How Jets Survive Direct Strikes by Lightning

The question of how jets survive direct strikes by lightning was raised again recently when an Airbus 380 from Dubai was struck by lightning while approaching the runway at Heathrow Airport in London. The lightning strike was caught on camera, which captured the world’s imagination and begged the question how an aircraft can survive such a spectacular and powerful phenomenon.

According to Natalie Wolchover on LiveScience.com, in cooperation with Lifeslittlemysteries.com, the average commercial aircraft is struck by lightning a little more than once a year, so it is actually quite a common occurrence. What has prompted public interest in the recent Airbus 380 incident is the fact that it was captured on camera, which is actually quite rare.

Scientists now believe that airliners actually cause the lightning which results in direct strikes to jets by flying through storm clouds. The metal of the plane itself intensifies the storm cloud’s electrical field and a direct strike is the result. This can result in an electrical breakdown, but in general jets survive these incidents intact.

Vlad Mazur, an atmospheric scientist at NAOA (the National Atmospheric and Oceanic Administration) said of the Heathrow flight: “In decaying storms you have a very high electrical field. It’s enough to support the development of lightning, but there is no natural mechanism for initiating lightning discharge. When an airplane comes in, it acts as an artificial trigger.”

Passengers on a jet struck by lightning are protected in the same way as a person driving a car struck by lightning – the phenomenon is known as a Faraday Cage, where the lightning is conducted all around the metal body without affecting any people within (as long as the people in question aren’t in contact with the metal exterior and are well insulated).

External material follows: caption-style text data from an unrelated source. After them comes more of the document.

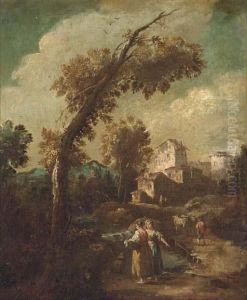 A River Landscape With Washerwomen And Herdsmen, A Townbeyond by Giuseppe Zais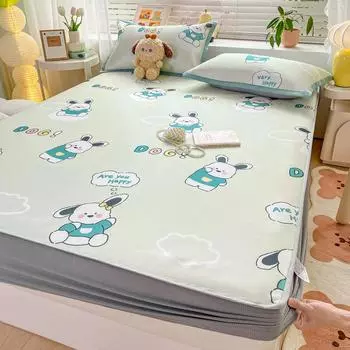 2024 Spring/summer New Printed Soft Mat Bed Hat Cartoon Cool Bed Cover Student Adult All-purpose Single Bed with Elastic Sheets 150x200cm 1pcs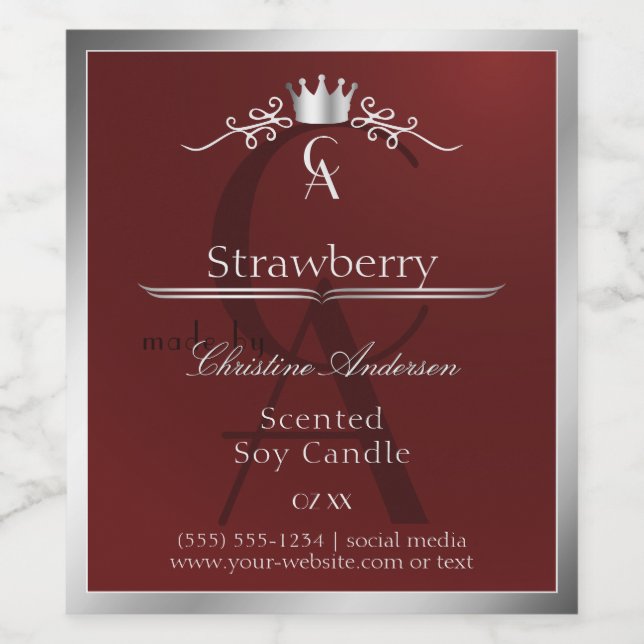 Deep Red Product Label with Silver Frame Monogram (Single Label)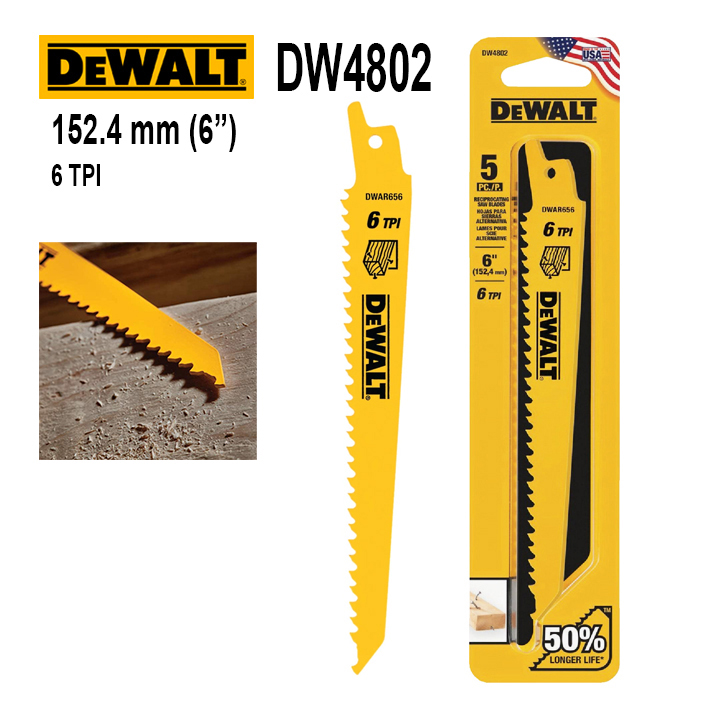 Lưỡi cưa kiếm gỗ 15.2 cm x 6tpi dewalt dw4802- 1 lưỡi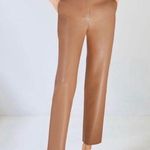 Babaton Aritzia Vegan Leather Command Cropped Pant In Camel Size 00 Photo 0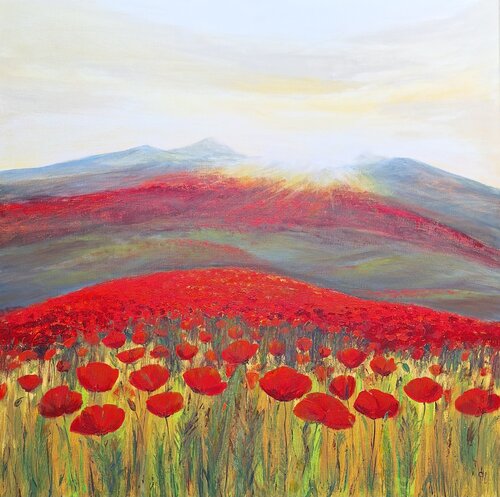 Landschaft mit Mohnblumenfeldern di Henriette Lorkowski, Pittura in vendita su Singulart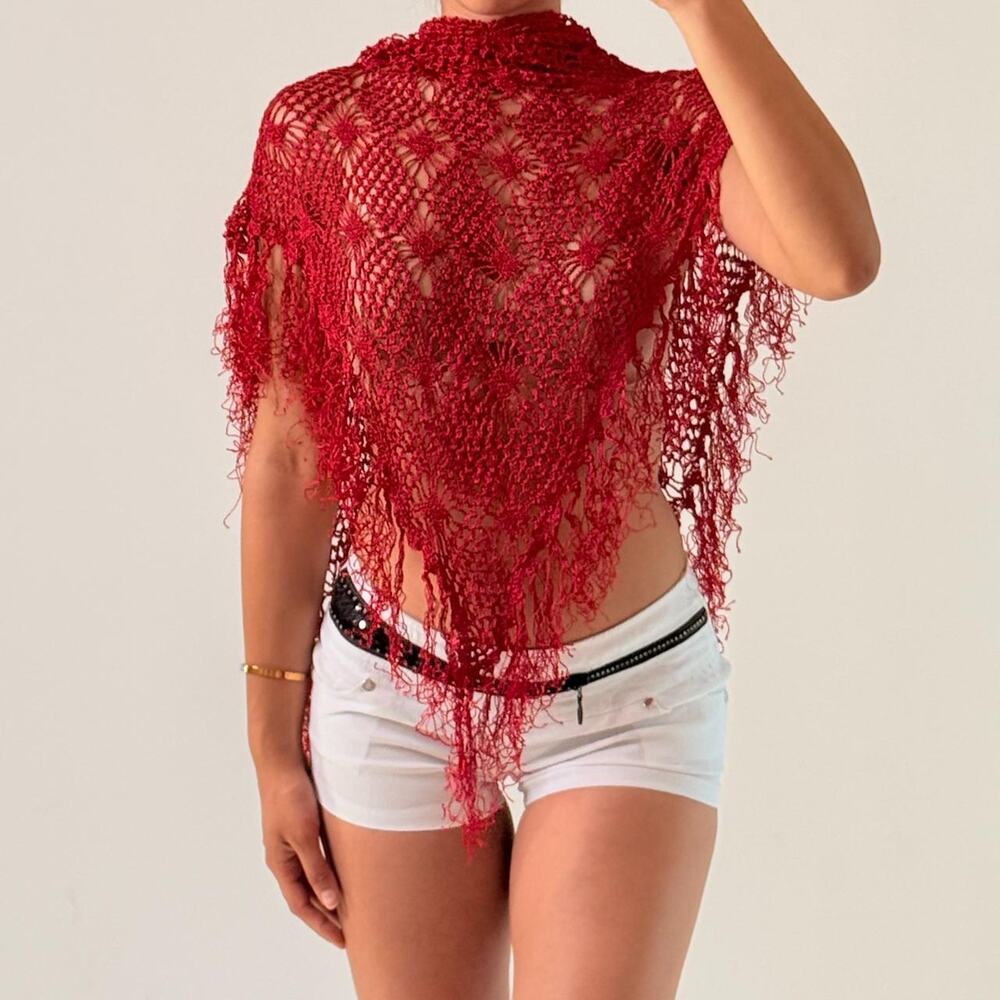 Red Knitted Shawl/ Cover Up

For the jet itself, modern aircraft are designed so that the plane’s body acts as a conductor, with a positive charge building at one end of the aircraft, and a negative charge at the other end. According to Mazur, the charge tends to build at points on the plane’s largely aluminium shell where the curvature is quite sharp: wing-tips, the plane’s nose, and the tip of the tail. Then just a single spark is required to initiate the development of a plasma channel (or a bolt of lightning, in other words).

In general though, these direct strikes are spectacular but harmless. Electricity flows over and around the plane, but not through it. Out of over 140,000 aviation accidents in the NTSB (National Transportation Safety Board) records, just 24 are lightning-related, and only five resulted in fatalities. These are great odds when you consider that the average aircraft is struck by lightning at least once a year!

The most serious lightning-related accident on record occurred in 1963, when a direct strike ignited a fuel tank and the resulting explosion killed the entire crew and 81 passengers. These days, jets like the Airbus 380 are designed so that the electricty from a lightning strike flows over the fuselage and away from critical systems. Fuel tanks are tested to make sure they can withstand direct strikes without producing deadly sparks and electronic systems are grounded to prevent disruption.

Jets survive direct strikes by lightning intact because the Faraday Cage principle protects passengers within from the electricity flowing over the surface, and clever engineering and safety testing minimises the risk to fuel tanks and other critical systems. A lightning strike is a common but still not a trivial occurrence for a commercial aircraft.